Feels like these suckers popped up in abundance overnight. Like a bad case of acne.
You know what, I present a motion to call potholes “road acne” from now on. Sound good?
Anyways, NBC Connecticut reports that the warming weather created the rapidly deteriorating road conditions. Also, the mild winter certainly didn’t help. In fact, it accelerated pothole season. The constant freezing, thawing, and refreezing made it significantly worse.
DOT crews say that, despite their best efforts, more and more potholes keep showing up, essentially creating an unending game of whack-a-mole.
Which means our wallets will suffer an even mightier blow this season. Better start saving now while you can.
However, mechanics say that even if you do have the cash to repair your car, you’ll have to wait. Auto body shops around the state say this season is already keeping them busy.
So, if you hit a pothole and get a flat, you may have to wait in line. On top of that, due to the deepness of the holes, auto repair shops reported a rise in suspension damage.
That said, if you know hitting a pothole is inevitable, the best thing to do is slow down. Hitting the brakes sets you up for an even worse accident.
Slowing down helps mitigate the damage.
Also, AAA spokesperson Amy Parmenter, suggest steering clear of the right side of the road. That’s where most potholes disguise themselves as puddles.
Also, AAA estimates that pothole season costs Americans about $3 billion a year. Since this season came so ridiculously early, it might cost us even more.
So, that’s why towns across CT implemented new strategies to tackle their bad case of road acne.
Wilton Bulletin reports that the town launched an app that allows people to directly report potholes. The app is “SeeClickFix,” and it even allows residents to include a photo of the pothole.
Basically, if someone sees a pothole, they log onto the town of Wilton’s website to report it. It gives residents a direct line to those who take care of the road, therefore drawing immediate attention to the problem area.
However, despite the best intention of the state municipalities, it might not be enough.
CT Mirror reports that the transportation crisis might affect the rehabilitation of the roads. Governor Malloy said he hasn’t released $30 million in the Town Aid Roads grant because of the budgetary problems. Although, to be fair, he has until June 30th to release the funds.
He also added that the money may become available when legislators stabilize the special transportation fund. Which means, yes everyone, our government is twisting our collective arms to make us accept all those tolls and rail fare hikes.
Good to know our lawmakers resorted to ransom, huh? Then again, this always happens. They bully the taxpayers and impact their quality of life until they acquiesce to their demands.
Anyways, the Town Aid Roads grant, called TAR, helps cities and towns fund their infrastructure.

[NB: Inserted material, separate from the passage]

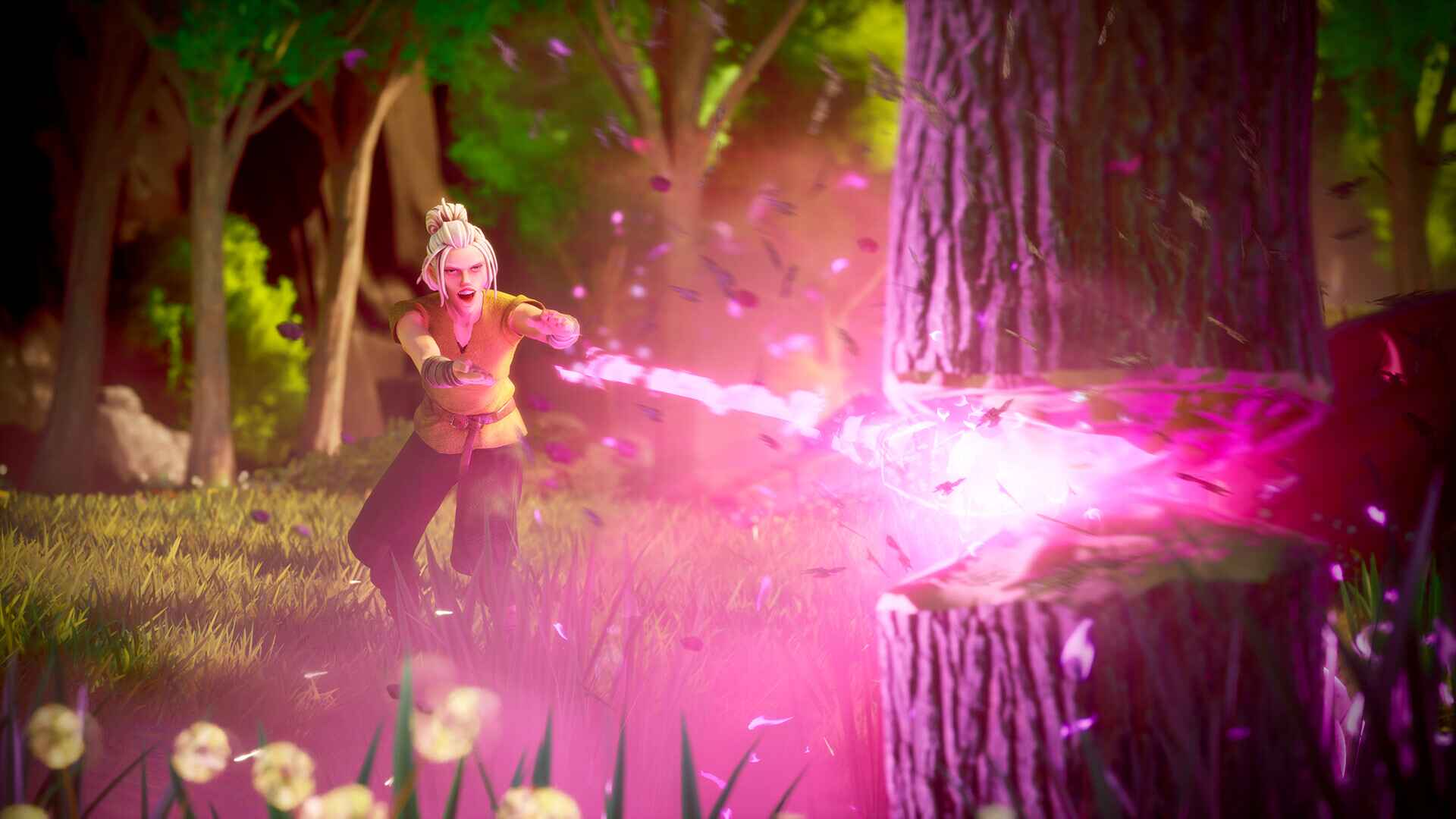 RuneScape: Dragonwilds тормозит, лагает, подвисает, фризит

Cutting TAR causes municipalities to shelve local road projects, such as patching potholes.
However, this move called a valuable ally to the money-strapped tax payer’s side, the Connecticut Conference of Municipalities.
CCM lambasted the move:
“Local governments have long depended on TAR grants, so when TAR is cut, local road projects are shelved – meaning jobs are lost and costs of repairs will be even higher when finally undertaken. Shortchanging TAR is pennywise and pound-foolish.”
Chris McClure, spokesman for the governor’s budget office countered that releasing the funds would be foolish since the state already shelved $4.3 billion in transportation projects. It’s all because the Special Transportation Fund, the account our lawmakers love to raid when cash runs thin, might become insolvent by 2020.

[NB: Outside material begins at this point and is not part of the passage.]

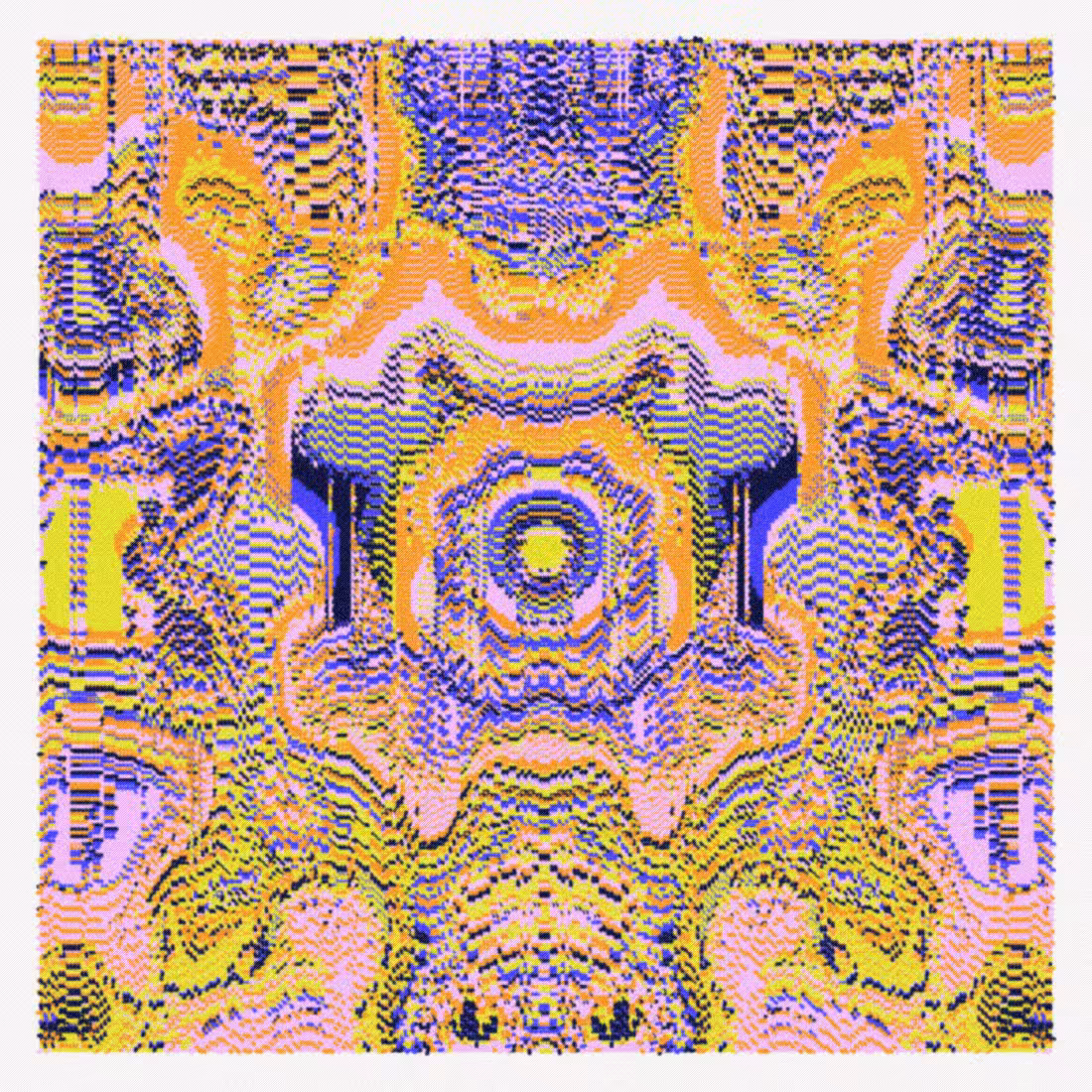 Glance #455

“We are optimistic that we will be able to act on the additional TAR funding later this spring once the legislature has taken needed steps to strengthen the Special Transportation Fund to provide a sustainable and predictable path forward for Connecticut’s transportation infrastructure.”

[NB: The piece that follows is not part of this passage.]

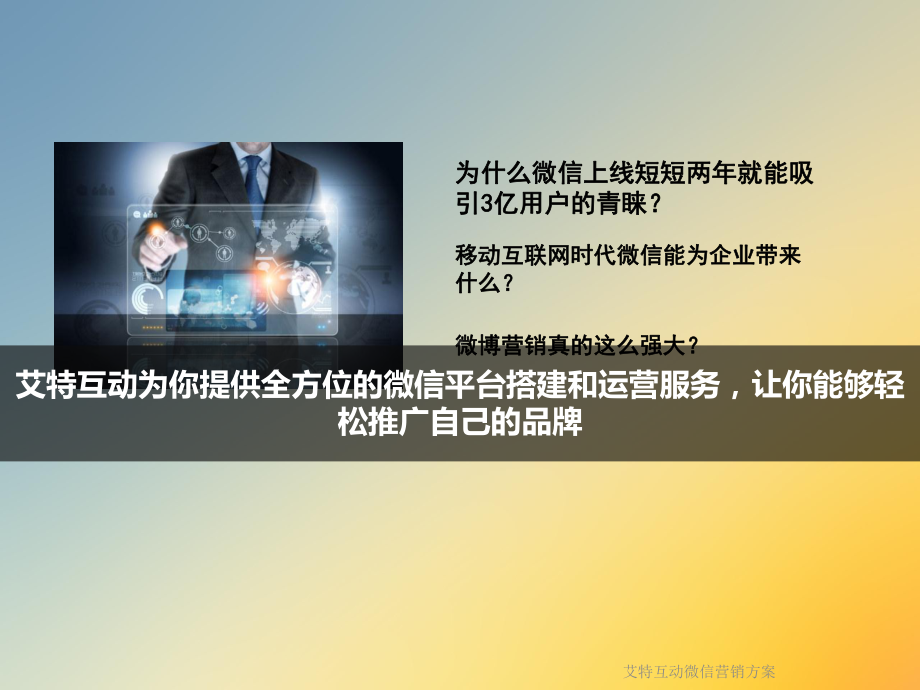 艾特互动微信营销方案.ppt_第3页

Sure, municipalities still have some money left over from TAR grants that were disbursed in January. However, it might cause cities and towns to choose which pothole deserves patching first.
So, with that said, this season looks a bit rougher than years prior. Drive smart and keep your eyes peeled during pothole season because your wallet depends on it.
How bad is the road acne in your area? How is your city/town handling pothole season? More importantly, what should our officials do to keep us from shoveling money into fixing our cars because of a problem they created?